Water problem has of late become of great concern to many African countries. At a recent conference attended by 1000 delegates in Addis Ababa, water experts said that Africa was facing a water crisis affecting 300 million people.

A recent WHO/UNICEF report reveals that more than 2.6 billion people in the world do not have basic sanitation and more than one billion people still use unsafe drinking water.

According to ECA Policy Research Report, Africa is one of the world’s driest continents. The diminishing availability of usable water in the face of rising demand creates the potential for disputes and conflicts over water resources, both within and between countries.

Moreover, the uneven distribution of water resources – the result of erratic rainfall and varying climate – has stratified the continent into areas of abundant water resources and areas of extreme water scarcity and stress.

Central Africa and parts of East and West Africa have abundant water resources, while North Africa, the Sudano-Sahelian region, and Southern Africa suffer chronic shortages, with very erratic rainfall.

Recurring cycles of long droughts, sometimes followed by floods, accentuate water scarcity and imbalances across the continent. Water originates outside the borders of many countries – such as Egypt (almost the entire flow), Mauritania (95%), Botswana (94%), and the Gambia (86%) – and most of Africa’s water resources cross borders. Thus regional cooperation and integrated water management are vital.

Ample opportunities exist for advanced cooperation on water. Africa has some 80-transboundary river and lake basins, and the catchments areas of the 17 largest exceed 100,000 square kilometers each.

Large transboundary rivers flow through many countries. For instance, the Nile has 10 riparian countries; the Congo (which holds almost 30% of Africa’s freshwater resources) has 9, the Niger 9, the Zambezi 8, the Volta 6, and Lake Chad 5.

Moreover, several international rivers cross many countries – 12 rivers traverse Guinea alone. And in 14 African countries almost all the landmass falls within transboundary river and lake basins.

The increasing water intensity of modern development, including irrigation, has raised the stakes on the sharing, common use, the environmental protection of these resources.

Recognizing this potential, and to promote regional cooperation, African countries began making transboundary river agreements in the 1960s.

But these cooperation efforts focused on the joint development and use of transboundary river and lake basins as sources of freshwater.

With a few exceptions, such as the Southern African Development Community (SADC), little attention was paid to the development of legislative instruments and common vision for sharing water.

Sharing the economic and social benefits of joint actions should in many cases receive priority over sharing water resources in quantitative terms.

Over the past decade, however, new urgencies have driven new approaches to regional cooperation, as reflected in the 1992 adoption of the principles of the UN Conference on Water in Dublin, the 2000 adoption of the African Water Vision for 2025, the institutionalization of the African Ministers Council on Water in 2002, and the 2002 adoption of the Accra Declaration on Water and Sustainable Development.

These actions have brought water issues to the fore of Africa’s development concerns.
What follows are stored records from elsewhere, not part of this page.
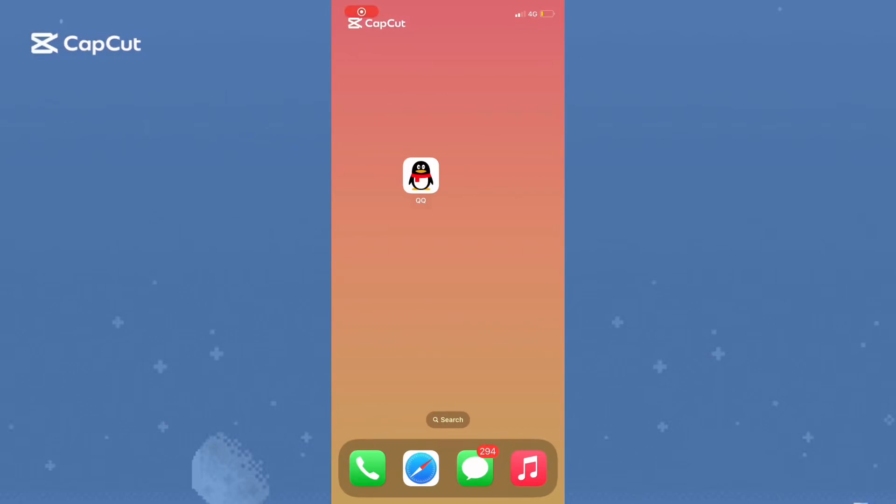Hello guys! In today's video, I'm going to show you how to create a QQ account on an iPhone.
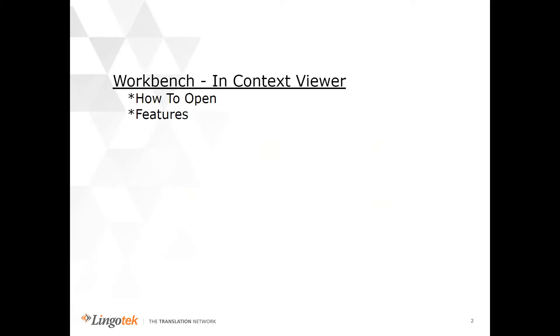Hello, in this tutorial we'll be talking about the InContext Viewer. First, we'll look at how to open it, and then we'll talk about some features.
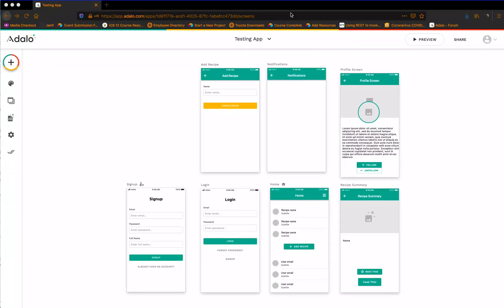Hey everybody, hopefully this will be a very quick tutorial on how to do notifications for your app. Notifications can be kind of confusing, but hopefully we can work through that and get you some good push notifications and a way for your user to view all of those notifications and then clear them. That can be kind of tricky, especially when looking at list filtering. Hopefully we'll get that straightened out and you'll be able to add that to your app.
The New Partnership for Africa’s Development (NEPAD) – with its emphasis on regional cooperation and integration – is another landmark in this process, offering a rare opportunity to link national and sub-regional approaches to managing water resources.
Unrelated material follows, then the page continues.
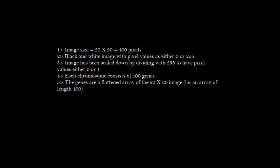That is, we have 400 pixels. This is a black and white image with pixel values that can either be 0 or 255. We divide the image matrix by 255 so that we have binary values for each pixel.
The need to move from analysis to action is recognized by all stakeholders in Africa under the aegis of the African Ministers Council on Water, the UN Water/Africa group, in collaboration with other regional bodies such as the African Development Bank and the African Union, convened the First Pan African Implementation and Partnership Conference on Water at Addis Ababa, Ethiopia, in December 2003 to conclude the International Year for Freshwater.
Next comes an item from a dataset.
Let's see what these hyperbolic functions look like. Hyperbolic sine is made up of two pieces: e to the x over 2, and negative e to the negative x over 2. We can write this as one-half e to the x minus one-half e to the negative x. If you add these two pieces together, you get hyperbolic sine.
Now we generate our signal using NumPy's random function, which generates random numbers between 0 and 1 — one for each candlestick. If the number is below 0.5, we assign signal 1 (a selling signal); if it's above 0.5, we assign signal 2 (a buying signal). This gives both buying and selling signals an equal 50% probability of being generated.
The conference concluded that water resources shared by communities and countries must be jointly managed on an equitable and sustainable basis.

The main challenge in water resources management is to create an enabling environment that encourages joint management of transboundary water resources.

To ensure the availability and effective use of water resources, today’s multiple arrangements should be rationalized – guided by the principles of equitable rights and sustainable and efficient water use. The weaknesses of river basin organizations should be addressed in line with best practices in Africa and elsewhere.

Cooperation should not be limited to countries shared water basins. It should extend to cooperation between sub-regional groups as well.

Regional economic communities overlapping river basin organizations should work together to achieve the goals of the African Water Vision for 2025 and the New Partnership for Africa’s Development.

Moreover, interaction between those groups and national water structures would ensure that national goals are aligned with development possibilities – including those for increased hydropower.